The birds are in transit; the opportunity does not last long; the weather shifts. We had such a day a few days back. A few years back, on a really good day, I made a rough film, swirling through traffic, through my sunroof, random Eurotrash music playing. Found art: Blue White Yellow. I think it works, as something, and hope you like.
* * *
States of Surveillance: Ethnographies of New Technologies in Policing and Justice, Maya Avis, Daniel Marciniak, Maria Sapignoli, eds., is out from Routledge. The book is what is known in the academy as an “edited volume,” i.e., different scholars contribute chapters, often based upon papers given at conferences. Rephrased, conferences often give rise to books. Mark Maguire and I (mostly Mark, tbh) wrote Chapter 8, Machine Learning and artificial intelligence in counterterrorism: the "realities" of security practitioners and technologists. It’s open access (thank you Max Planck), so you can read it online for free.
I think we made some serious points about the limitations on thinking in commercial/regulatory discourse. Mark and I tell a specific story, but our story is perhaps more interesting as a typical example of the strange combination of policy, jurisdiction, and hucksterism in which contemporary bureaucracies operate, and so where we find ourselves. The sale of machine learning systems for X, say counterterrorism, to the responsible bureaucrats doesn’t differ much from the sale of analogous systems for Y, say literacy education, to different responsibility bureaucrats, perhaps university administrators. Ho hum. No doubt we are getting better and better, despite our blinders. Right.
If you are in security, defense, computing, or design circles, and like the piece, please send to your networks.
* * *
On a recent morning I awoke to a text from Europe, from a dear friend and a brilliant jurist en route to from Berlin to an argument at the Hague, who wrote to tell me he has been listening to the audiobook of Maguire & Westbrook, Getting Through Security: Counterterrorism, Bureaucracy, and a Sense of the Modern. I was, of course, delighted to hear from him, and commended his good taste.
I’m not going to quote a WhatsApp message, and it’s hard to convey the charm with which my friend expresses himself, but to simplify: he suggests that there is something very American in the book’s argument that bureaucracies are rational, help to organize social life, and so are not that bad, on balance. In Europe, he says, such an argument would be unnecessary. Social democracy has turned nearly everyone into a bureaucrat of sorts, and so Europeans naturally think they are doing good things, and things for the good. But, my friend gracefully says, maybe he is overstating, the book is quite interesting, and congratulations.
There’s some truth in the familiar frames. Surely Europe presents itself vis-à-vis the United States as a place with more law, more social welfare, and therefore more bureaucrats. And, of course, morally superior. Conversely, the United States sees itself as the land of the free, and is somewhat embarrassed by its social welfare, extensive law, and its plethora of bureaucrats. And, of course, richer, more powerful, maybe more consequential. Here as often, there is a reason for clichés.

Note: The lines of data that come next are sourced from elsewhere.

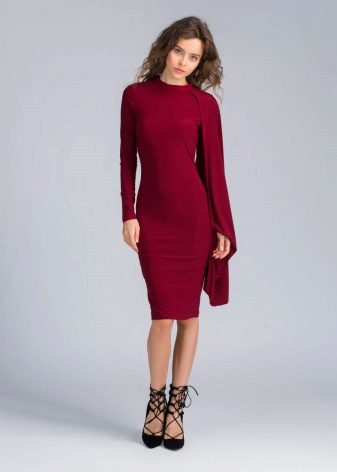 Robe couleur de vin longueur moyenne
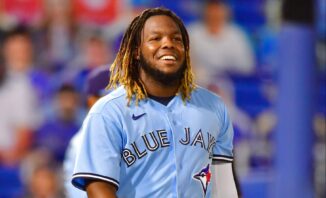 Vladimir Guerrero Jr. sobresale en triunfo de Azulejos sobre Yankees
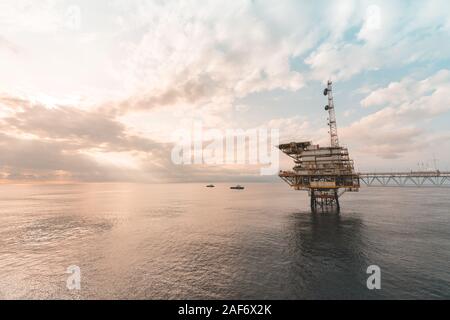 Massiccia piattaforma di produzione petrolifera offshore Foto Stock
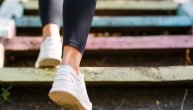 Penjanje uz stepenice ili 10.000 koraka dnevno – šta je bolje za naše srce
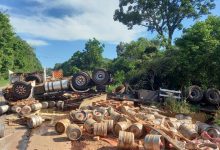 Photo of Caminhão cai em ribanceira após colisão com carreta na BR-163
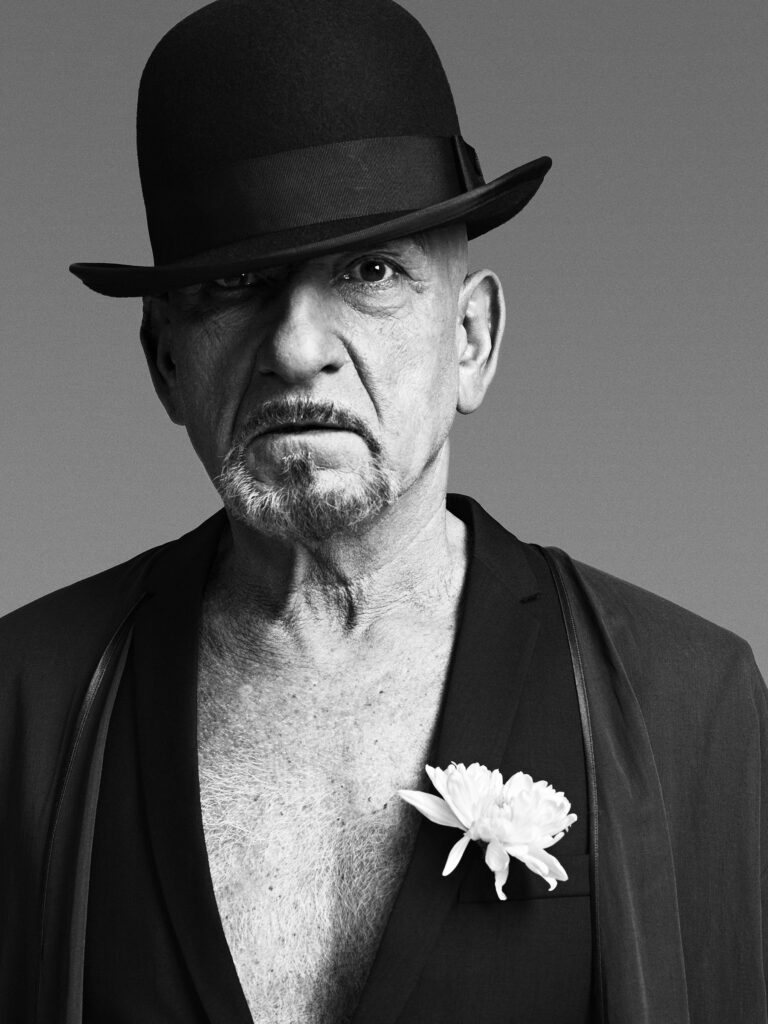 Bryan Adams exposed mostra milano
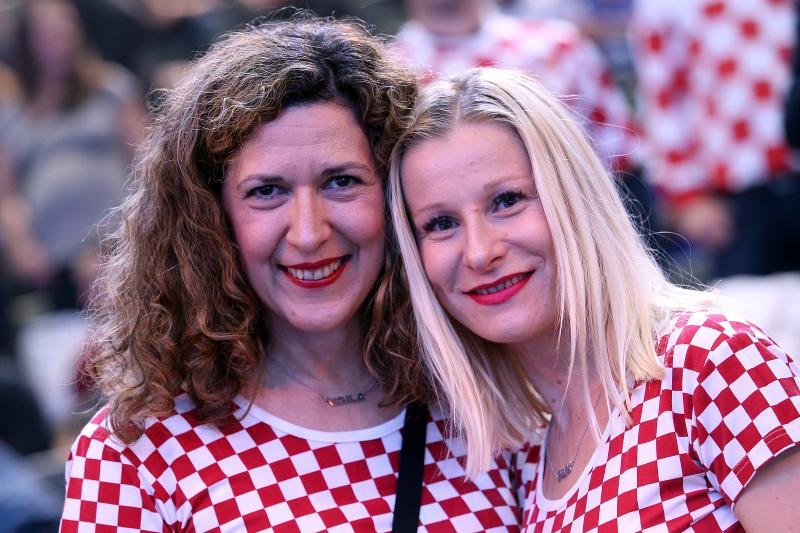 Hrvatski navijači u Parizu na utakmici Slovenija – Hrvatska za 3. mjesto na Svjetskom prvenstvu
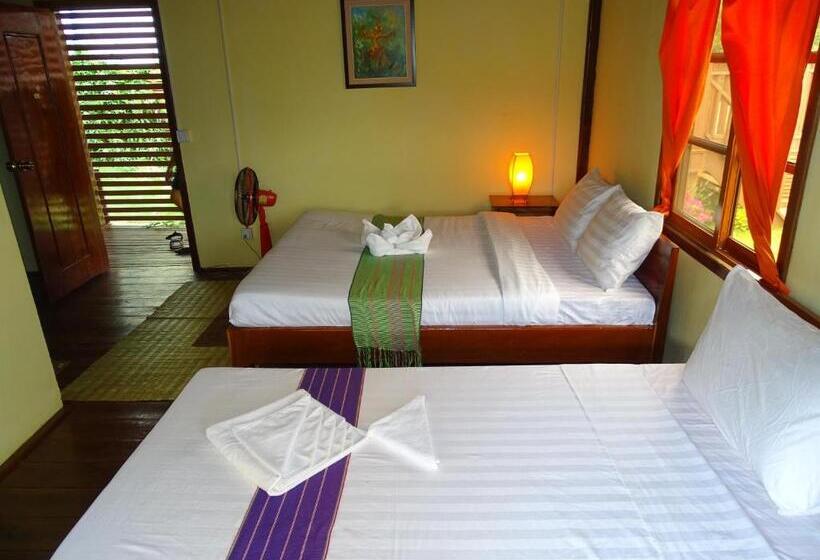 اتاق استاندارد با بالکن, Ratanakiri Paradise Hotel & Restaurant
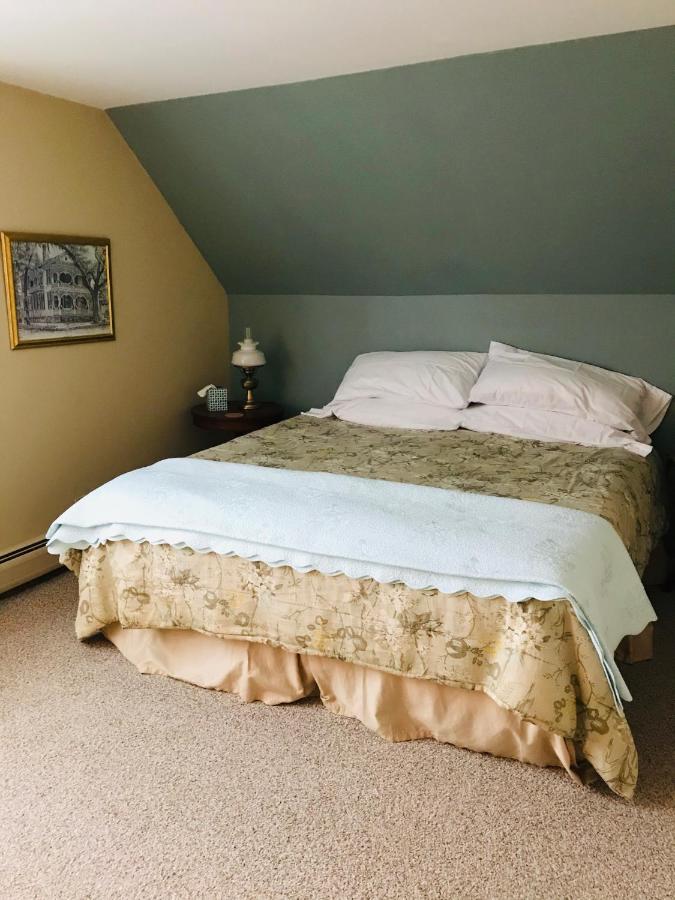 | Maplecroft Bed & Breakfast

Turning to Getting Through Security itself, however, a different picture emerges. For starters, my coauthor, Mark Maguire, is European, indeed excessively Irish, a teller of lilting tales more or less right with multiple meanings, undercurrents of laughter and violence and of course sex, and maybe I need another? From Berlin or even Brussels or the Hague, however, Dublin might be seen as halfway to New York. Also, my continental friend was responding to early chapters, the framing: bureaucracy and particularly the bureaucracies that concern themselves with physical security in public infrastructure are set up as problems, about which we have things to say.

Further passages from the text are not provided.